10. In the present case, the quarters/residential complexes were got constructed by the AMC and AUDA for urban poor people for their residential use, the same amounts to personaluse’. The confirmation of demand qua these services by the Commissioner is therefore not sustainable.

11. We also find that on the identical facts and issue in the matter of Santosh Katiyar Vs. Commissioner of Central Excise, Bhopal – 2017(3)GSTL 203 the Delhi Tribunal held that :-

“4. From the record, it appears that during the period under consideration, the appellant neither took credit nor paid any Service Tax on the impugned services. The department is of the view that the said services are subject to service tax as per Chapter 5 of the Finance Act, 1994. But the fact remains that Section 65(91)(a) of the Finance Act provides the meaning of complex where the building having more than 12 residential units with the common area.

In the explanation for the removal of doubts, it was declared that for the purposes of this clause :

(a) ‘Personal use’ includes permitting the complex for use as residence by another person on rent or without consideration.

(b) ‘residential unit’ means a single house or a single apartment intended for use as a place of residence.
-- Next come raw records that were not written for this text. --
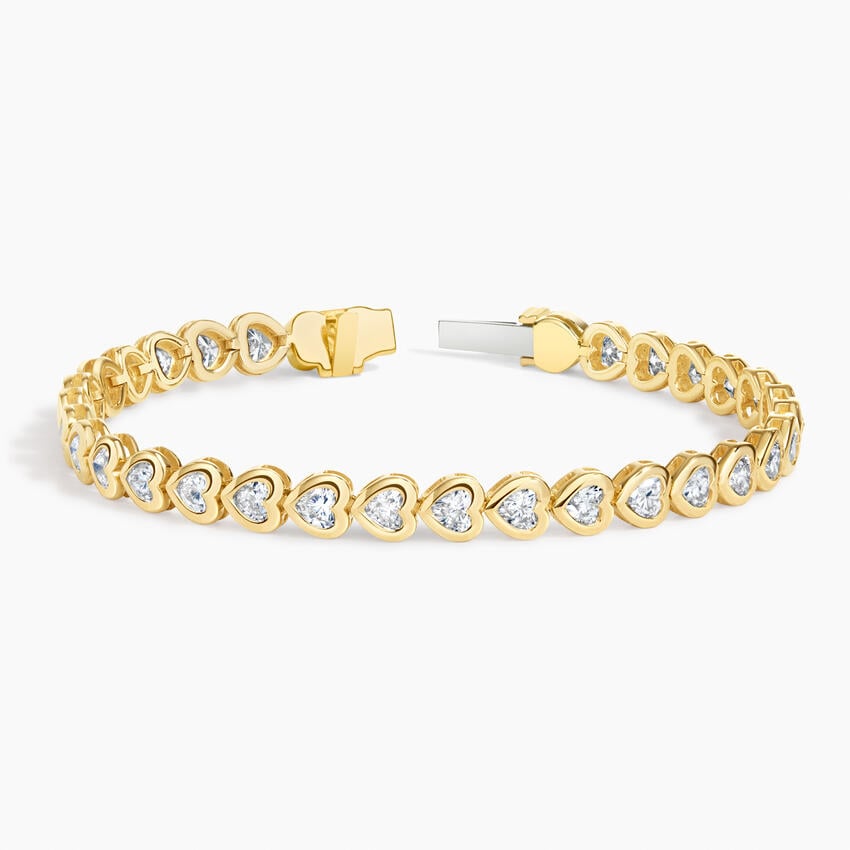 Elegant Heart Gold Tennis Bracelet with Heart-Cut Stones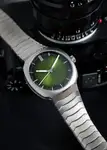 H.Moser & Cie. Streamliner Centre Seconds Matrix Green Fumé (2025) - Ref. 6201-1200 | Watch Scout thumbnail 1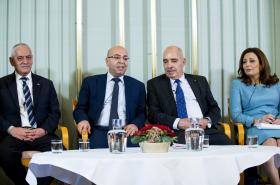 NOBEL DA PAZ ENTREGUE HOJE EM OSLO AO QUARTETO PARA O DIÁLOGO TUNISINO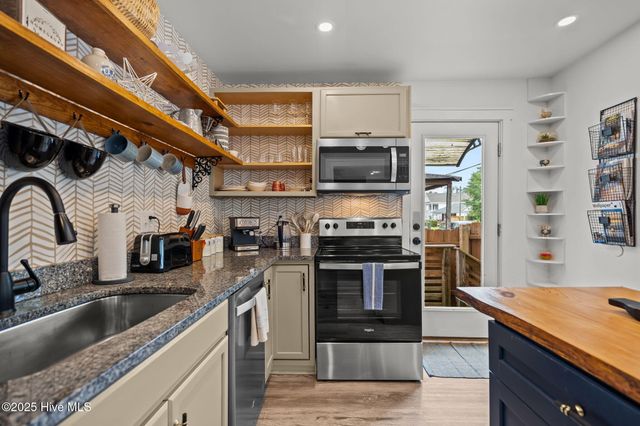 1001 N 7th Street, Wilmington, NC 28401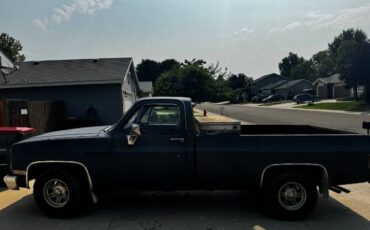 Gmc-Sierra-1984-Black-2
In the instant case, the allottee is paying the nominal rent or without consideration.

5. From the record, it appears that the Notification No. 28/2010-S.T., dated 22nd June, 2010, clarified that the services is provided to JawaharlalNehru National Urban Renewal Mission and Rajiv Awaas Yojana are exempted from the clutches of Service Tax. Further, vide F. No. 137/26/206-CX.-4, dated 5th July, 2006, it was clarified that Service Tax would not be leviable on construction of complexes under question if their lay out does not require approval by an authority under any law for the time being in force. From the letter dated 30-1-2004 issued by the M.P. Urban Development Department, it appears that the said construction was made under “Rajiv Gandhi basti Vikas karyakram” which was the Central sponsored scheme and the same is exempted from service tax as per Circular No. 125/2010-S.T., dated 30th July, 2010.

5. In the light of above discussion and by considering the facts and circumstances of the case, we are of the view that the M.P Government has constructed the accommodation for the gandi basti people under the Central sponsored scheme which is attempted to clean India as per Prime Minister’s mission.

6. When it is so, then we find no merits in the impugned order as no service tax is leviable in the instant case. Hence, the impugned order is set aside. The appellant will get the relief accordingly.

From the above judgment it can be seen that the identical fact is involved in the above judgment and in the case in hand in as much as in both the cases the construction service was provided to Jawaharlal Nehru National Urban Renewal Mission and Rajiv Awaas Yojana. On this common fact in the above judgment it was held that the service tax is not leviable to such project. Hence, the ratio of the above judgment is directly applicable in the present case.

12. As per our above discussion and finding which gets support of above cited judgments, the impugned order is clearly not sustainable, hence the same is set aside. The appeal is allowed with consequential relief, if any arise, in accordance with law.